Aeffe Spa, the distinguished Italian luxury group, has reported a solid turnaround in its financials for the first nine months of 2024, revealing a noteworthy net profit of €35.2 million, or roughly $38.72 million. This marks a dramatic recovery from a loss of €17.8 million during the same period last year. However, the company’s revenue faced a downturn, dropping by 17.6 percent year-on-year to €207.8 million.
The financial highlights are compelling, with EBITDA soaring to €90.9 million, yielding a robust margin of 43.8 percent. Nonetheless, this positive earning juxtaposes with significant declines across all regions in terms of turnover, particularly within the wholesale division, which plunged by 20.3 percent.
Aeffe Spa’s strategic focus over the past months has been on a comprehensive brand reorganization, undertaken in response to a global slowdown in consumption. The revenue breakdown reveals that the ready-to-wear segment amounted to €139.9 million, a year-on-year decrease of 17.5 percent. Meanwhile, the footwear and leather goods division reported a severe decline of 22.6 percent.
Regionally, the financial performance reflected a similar trend. In Italy, turnover reached €89.5 million, down by 17.1 percent from the prior year, highlighted by a notable 23 percent drop in wholesale channels. Europe’s turnover, excluding Italy, fell 18.3 percent to €63.6 million. Notably, the Asia and Rest of the World division also posted a decline of 19.2 percent, while sales in the Americas contracted 15.3 percent.
By distribution channels, the wholesale channel, accounting for about 66.2 percent of total revenues, experienced a downturn of 20.3 percent. Conversely, the retail channel experienced a slightly less severe drop of 12.3 percent, representing 30.3 percent of sales. Royalties, contributing 3.5 percent to total turnover, also saw a decline of 7.4 percent.
In commenting on the challenges faced, Massimo Ferretti, the executive chairman of Aeffe Spa, acknowledged the impact of the overall slowdown in the fashion and luxury market, citing ongoing political and social instability. However, he expressed optimism about the company’s strategic decisions and the potential of the rebranding initiatives, particularly for the Moschino and Alberta Ferretti brands.
As of September 30, 2024, Aeffe Spa reported a net equity of €114.6 million, an increase from €79.2 million at the end of the previous year, while net financial debt decreased to €72.3 million.
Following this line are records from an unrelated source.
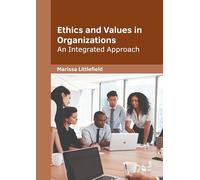 Ethics and Values in Organizations: An Integrated Approach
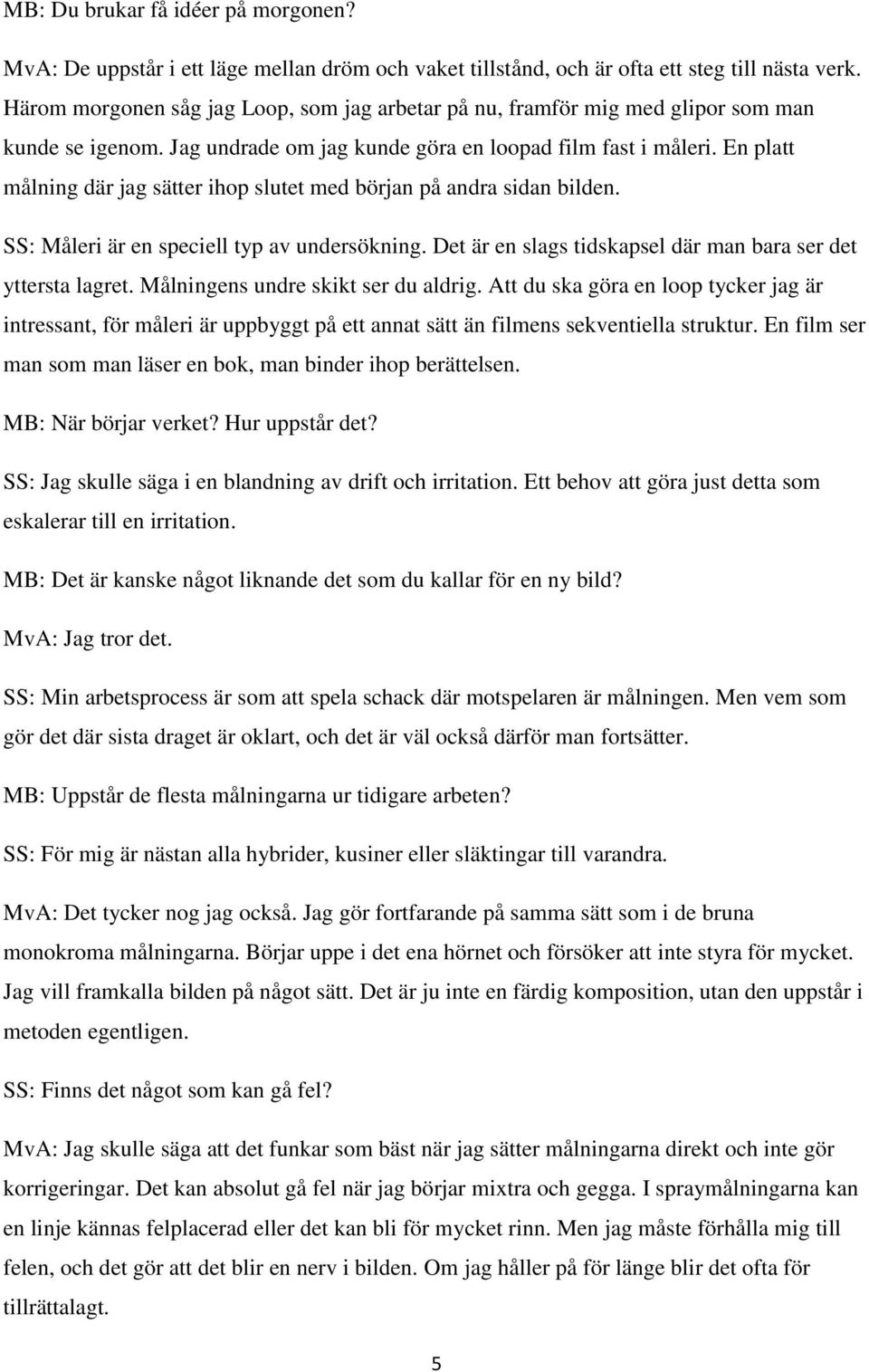 En platt målning där jag sätter ihop slutet med början på andra sidan bilden. SS: Måleri är en speciell typ av undersökning. Det är en slags tidskapsel där man bara ser det yttersta lagret.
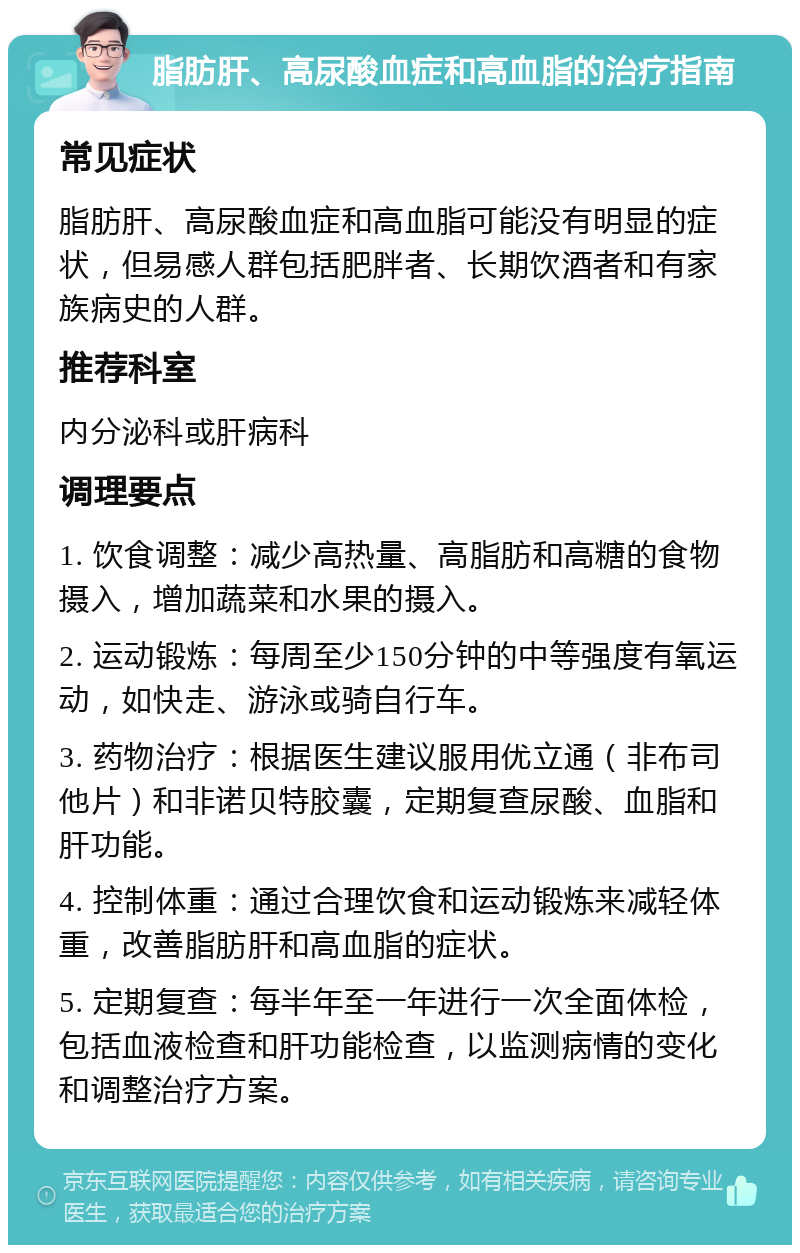 脂肪肝、高尿酸血症和高血脂的治疗指南 常见症状 脂肪肝、高尿酸血症和高血脂可能没有明显的症状，但易感人群包括肥胖者、长期饮酒者和有家族病史的人群。 推荐科室 内分泌科或肝病科 调理要点 1. 饮食调整：减少高热量、高脂肪和高糖的食物摄入，增加蔬菜和水果的摄入。 2. 运动锻炼：每周至少150分钟的中等强度有氧运动，如快走、游泳或骑自行车。 3. 药物治疗：根据医生建议服用优立通（非布司他片）和非诺贝特胶囊，定期复查尿酸、血脂和肝功能。 4. 控制体重：通过合理饮食和运动锻炼来减轻体重，改善脂肪肝和高血脂的症状。 5. 定期复查：每半年至一年进行一次全面体检，包括血液检查和肝功能检查，以监测病情的变化和调整治疗方案。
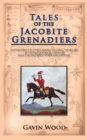 Image for Tales of the Jacobite Grenadiers: The Second of Three Books Telling the Story of Captain Patrick Lindesay and the Jacobite Horse Grenadiers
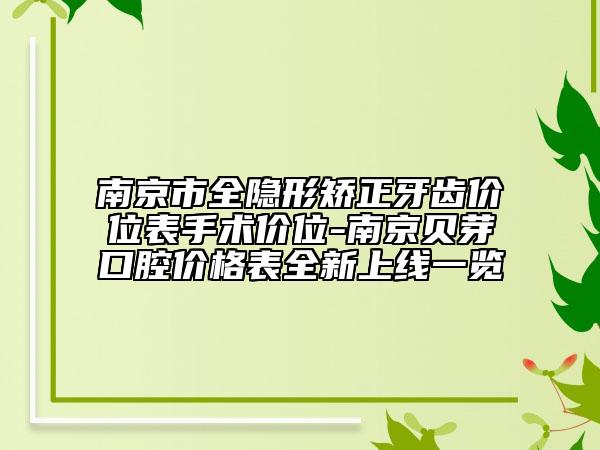 南京市全隱形矯正牙齒價(jià)位表手術(shù)價(jià)位-南京貝芽口腔價(jià)格表全新上線一覽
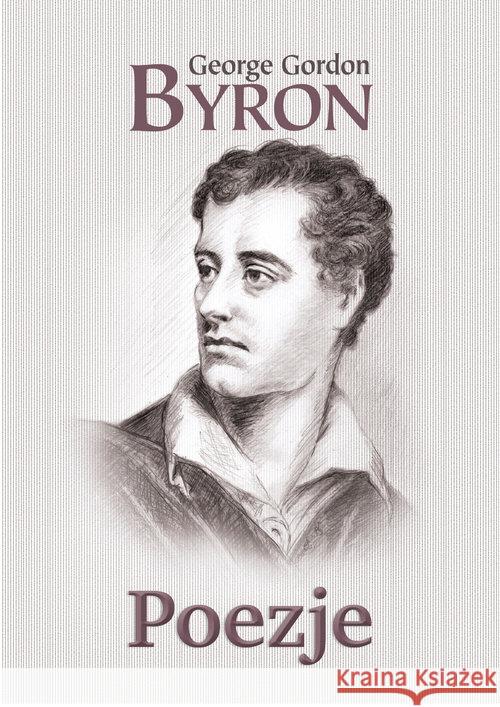 Poezje Byron George Gordon 9788374703215 C&T - książka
The net working capital was recorded at €93.6 million, showing a uniform decline from €113.5 million in the same period a year earlier.
Capex investments in the first nine months of 2024 totaled €2.6 million, focusing on enhancements to third-party assets and software acquisitions, while disinvestments mainly involved the sale of a component of the Moschino brand.
Aeffe Spa, while navigating a challenging retail landscape, illustrates resilience and a strategic approach aimed at capitalizing on its brand strengths as it moves forward.